Für die Rückfahrt vom Heiligtum Muktinath nach Pokhara wähle ich einen Kleinbus. Der Rucksack kommt aufs Dach, ich bekomme den Beifahrersitz. Bereits nach einer halben Stunde geht nichts mehr: An einer steilen Engstelle kommt ein größerer Bus auf der beschneiten Lehmpiste nicht mehr weiter und blockiert die Fahrspur. Nach einer Stunde ist das Problem gelöst. An einer anderen Stelle heißt es warten bis ein Bagger einen kleinen Erdrutsch der vergangenen Nacht beiseite geräumt hat. Nach drei Stunden Fahrt gibt es eine halbe Stunde Pause an einer E-Tankstelle mit Restaurant. Der Van wird geladen. Nepal erscheint „rückständig“ aber auf Verbrenner setzt hier keiner mehr. Auf der Piste sind es 170 km und sieben Stunden. 4.470 Höhenmeter geht es (kumuliert) bergab.
In Pokhara gibt es, nach einem Gewitter, diesmal das, was mir beim ersten Aufenthalt verwehrt blieb: Fernsicht. Statt von einem Aussichtspunkt, sehe ich die Gipfel des Annapurna Massiv nochmal von der Dachterrasse des Guesthouse.
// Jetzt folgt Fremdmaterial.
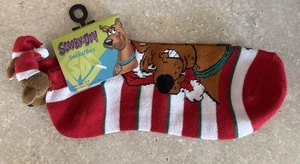 Scooby Doo Socks Christmas NWT Santa Hat Holiday Size 9-11 Ankle Sock - Picture 1 of 6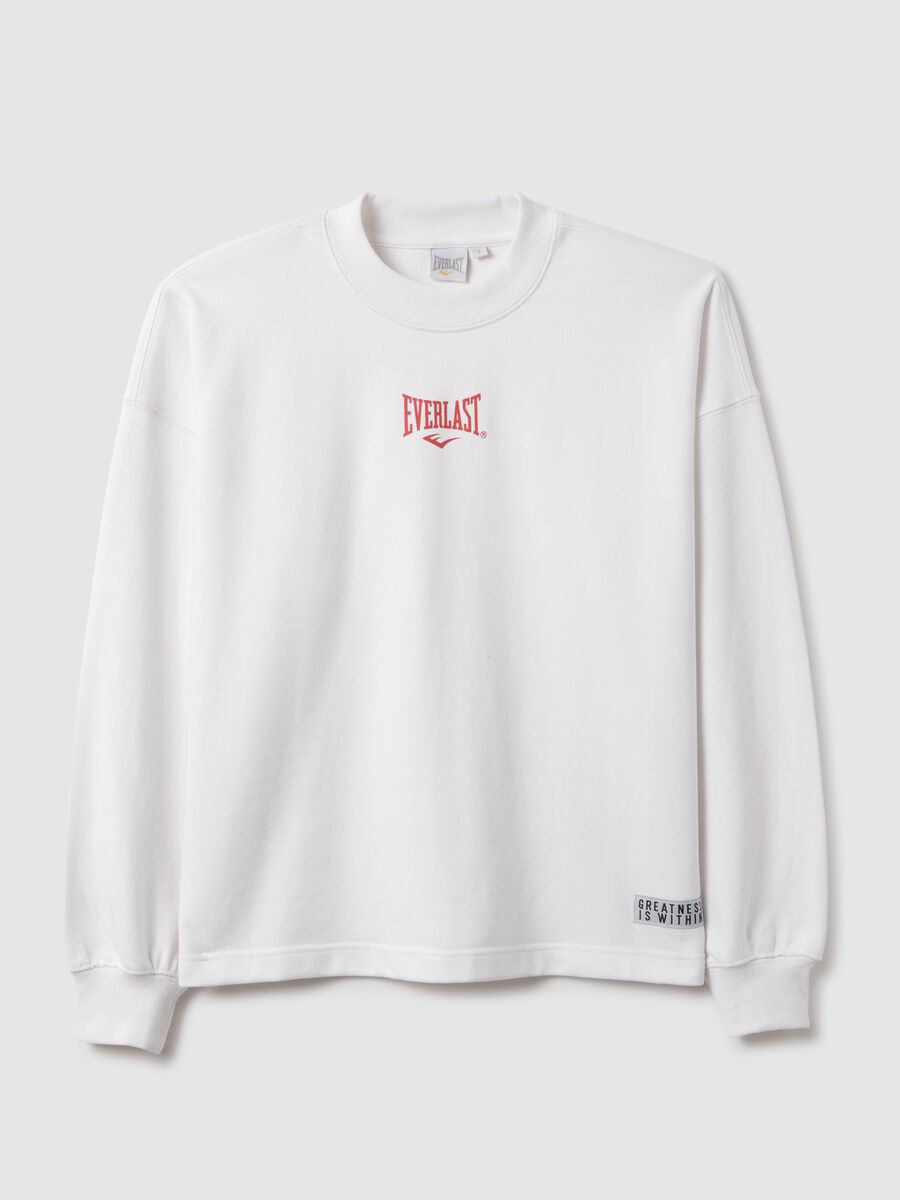 Maglia a maniche lunghe in misto cotone bianca regular fit con logo_4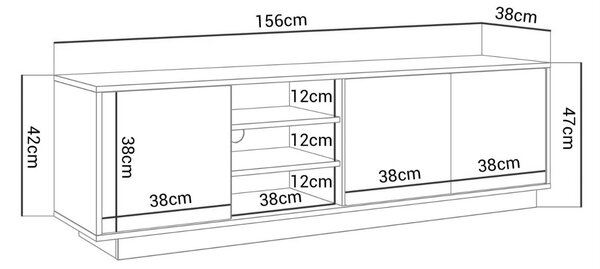 TV STOLÍK ALWIN BIELY VYSOKÝ LESK 156 cm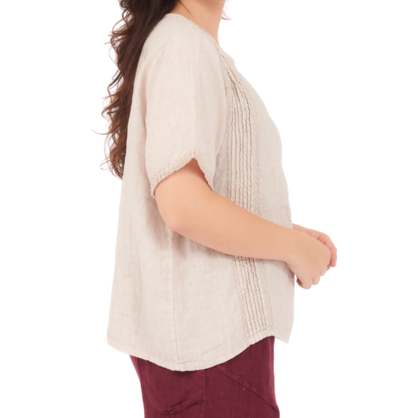 6672 NUDE ITALIAN LINEN TOP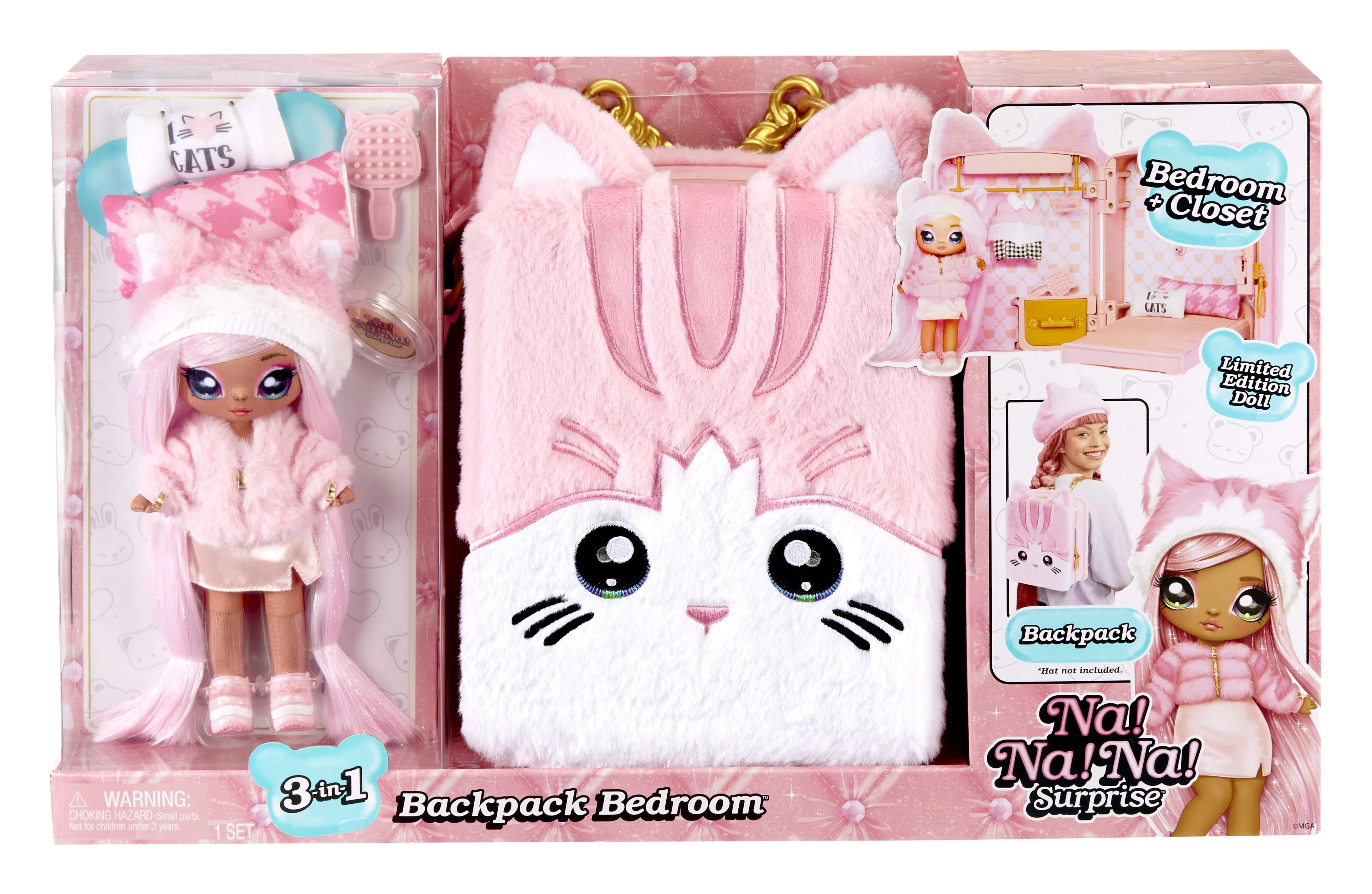 Na! Na! Na! Surprise 3 In 1 Series 3 Backpack Bedroom Pink Kitty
Auch beim Abendessen im kleinen Restaurant fragt mich der Wirt woher ich komme und was ich mache. Dass ich zu Fuß nach Muktinath gegangen bin gefällt ihm: Er kommt aus einem kleinen Dorf an meiner letzten Etappe. Er setzt sich zu mir, sieht sich mit mir meine Fotos vom Weg an und erzählt mir manches dazu. Er zeigt mir ein Glas mit den schwarzen Bohnen aus denen mein Dal gemacht ist. Im Dorf auf 3.500 Meter Höhe gewachsen. „Very healthy“.
Von Pokhara nach Kathmandu geht es mit einem luxuriösem Tourist Bus. 200 km beträgt die Entfernung von der zweitgrößten in die größte Stadt Nepals. Der Highway folgt schönen Flußtälern, ist aber auch nicht durchgehend asphaltiert und manchmal nur einspurig. So dauert auch diese Fahrt knapp sieben Stunden.